In Joseph Walker vs. State of South Carolina, decided on March 19, 2014, the S.C. Supreme Court reversed the Court of Appeals and granted a petition for post-conviction relief (PCR). Generally speaking, PCR is a legal mechanism where someone convicted of a crime asks to have their case reversed due to a constitutional violation. The most common ground is ineffective assistance of counsel.
Walker was accused of a 2002 sexual assault committed on a woman he met at a gas station and helped repair her car. The woman had been kept held until approximately 5:00 a.m. the following morning. Walker was arrested after the victim identified him based off of the gas station's security footage. While he had admitted going to the gas station, he denied assaulting the victim, repairing her car or even meeting her in the first place. Walker said that after he left the gas station he went to a friend's house before going to his girlfriend's home around 9:30 or 10:00 a.m. and staying there for the remainder of the night.
After a jury trial conducted in Aiken County, the jury convicted Walker of kidnapping and sexual assault. He was sentenced to 24 years to be served in the South Carolina Department of Corrections. Walker's lawyer had failed to interview the girlfriend prior to trial, and failed to call her as a witness to establish an alibi. This was even though Walker had provided his girlfriend's name to his lawyer (she had the girlfriend's name listed in her notes as a person to interview but apparently never followed up).

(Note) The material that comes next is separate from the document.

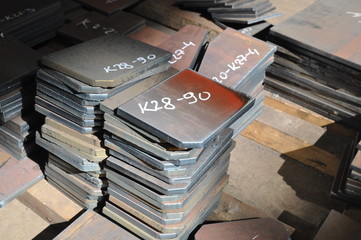 Metal cutting. Warehousing of finished parts with marking.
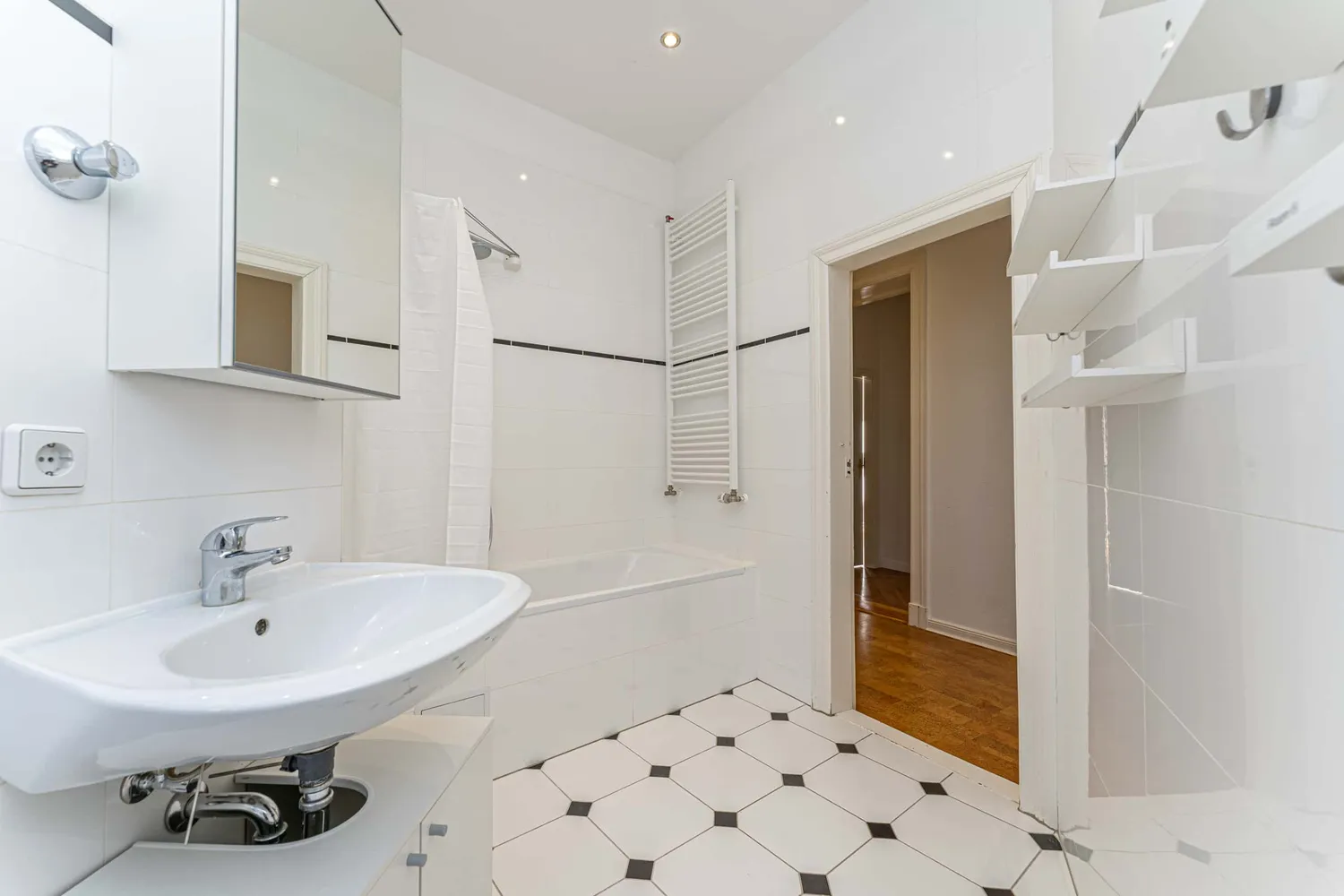 Shared room with 15 m² in Berlin – Photo 5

At the PCR trial the girlfriend was called to the stand to testify as to what she would have testified had she been called as a witness during Walker's original trial. Although her testimony was somewhat vague, ultimately she stated that she had spent every weekend with Walker prior to his arrest. Her testimony, if true, would have established an absolute defense to the kidnapping and sexual assault trial. The Court held that on this basis Walker's lawyer provided ineffective assistance of counsel, violating his constitutional right to an attorney.